Behlendorf estimates that there are only about 100 people globally with deep understanding of blockchain architecture and another 100 or 200 people familiar with the technology. He’s spending most of his time in outreach.
He expects the number of core contributor to grow naturally as more companies are spending more money on blockchain developers and spinning up their recruitment processes.
However, he would like to see the middle tier of expert users grow as well so more people can help develop a common blockchain vocabulary.
“We use terms like blockchain and distributed ledger interchangeably and that can be confusing to ourselves, let alone other people,” Behlendorf said.
Chains, Chains and More Chains
The Hyperledger Project is not interested in developing one blockchain to rule them all, but an architecture that will support a variety of blockchain use cases. A blockchain’s use case also will drive a different set of needs for those blockchains, such as which consensus mechanism or smart contract platform they should use.

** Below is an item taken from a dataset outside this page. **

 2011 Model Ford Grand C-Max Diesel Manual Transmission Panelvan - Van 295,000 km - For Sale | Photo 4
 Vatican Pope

Use cases can be separated into permissioned and non-permissioned blockchains. Permissioned chains are ones where the blockchain participants are known to other users and need permission to join the blockchain. Non-permissioned blockchains, like those underpinning digital currencies like Bitcoin and Ethereum, do not have such requirements.
“We’re not trying to push one particular chain,” said Behlendorf. “We will have the flexibility to evolve the platform and integrate new features without having to worry directly about how you change the engines on a jet liner in mid-flight, which is the case for some of the public currency projects. Most of the private chains will have the luxury of taking the system down for five minutes, swap things out, and turn it back on.”

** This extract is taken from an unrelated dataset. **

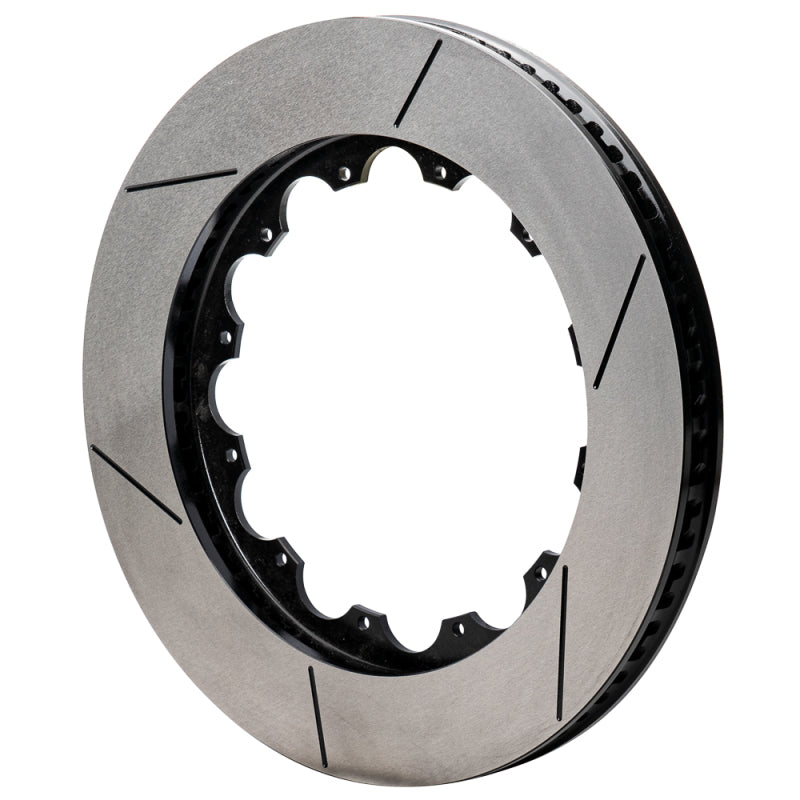 Wilwood Rotor-SV-GT 72 Spc-37 -LH 14.25 x 1.25 - 12 on 8.75in (Black) - My Store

It’s too early to tell how much of the differences between permissioned and non-permissioned blockchains can be abstracted away, he added. “I’m trying to keep the decision very organic and technologist-driven rather than a political decision or a mandate from on high.”
Similar to the Linux OS kernel, Behlendorf sees Hyperledger Project developing a pluggable architecture so that the same code base could support very different types of blockchains.

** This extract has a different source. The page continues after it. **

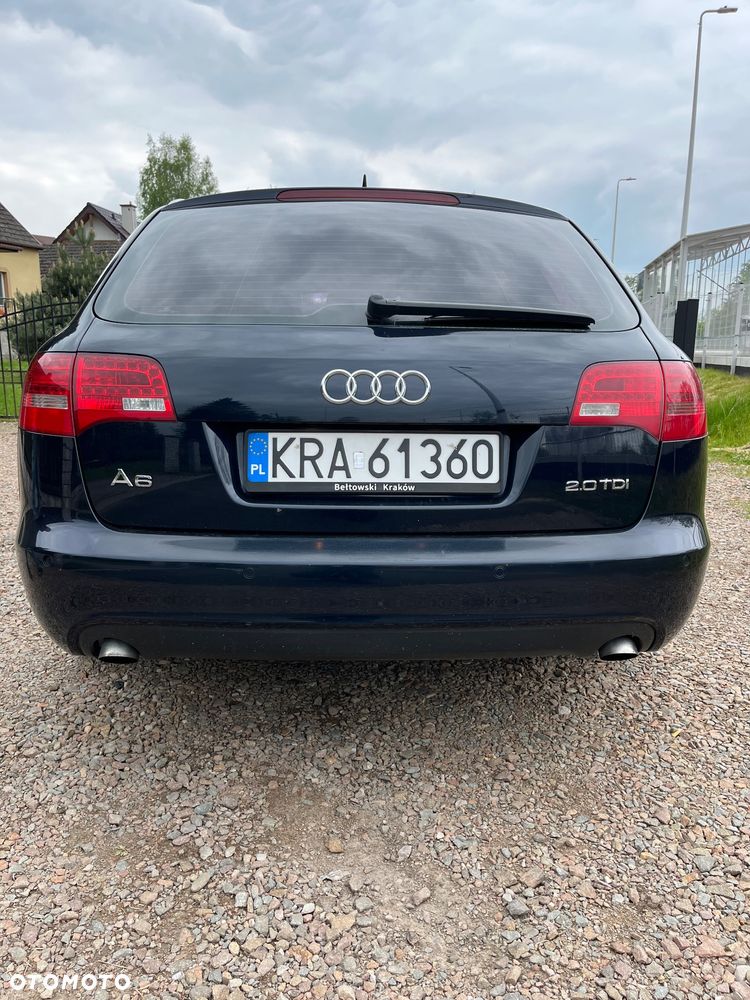 Audi A6 Avant - 2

“I don’t think that Linus Torvalds knew, anticipated or planned for the idea that the code he released in 1991 would eventually run on everything from a Raspberry Pi to an IBM mainframe and from drones to the International Space Station,” he said. “All of these scenarios run the Linux kernel because of its intense modularization.”
Since Linux’s process management, file-system management, and almost everything else operate as modules, developer can dial up or down their distribution’s core backbone. he added.
Besides making the Hyperledger project enticing and as user friendly as possible to potential participants and gathering additional use cases, he would also would like to see the project make a couple of deliveries by the end of the year.
“We have a code base that is functional in a demo environment,” he said. “You can start to play with it and deploy prototype chains. It’s not quite at the pilot friendly level yet.”
The project should be capable of getting a firm concept of use cases for a version 1.0 release by that time and ship something in a number of single-digit months, he added. “Success to me, would be having code that at the very least is runnable in a prototype or proof-of-concept mode not just for the people who have been working on the code base, but for developers and organizations who are new to the concept of distributed ledgers.”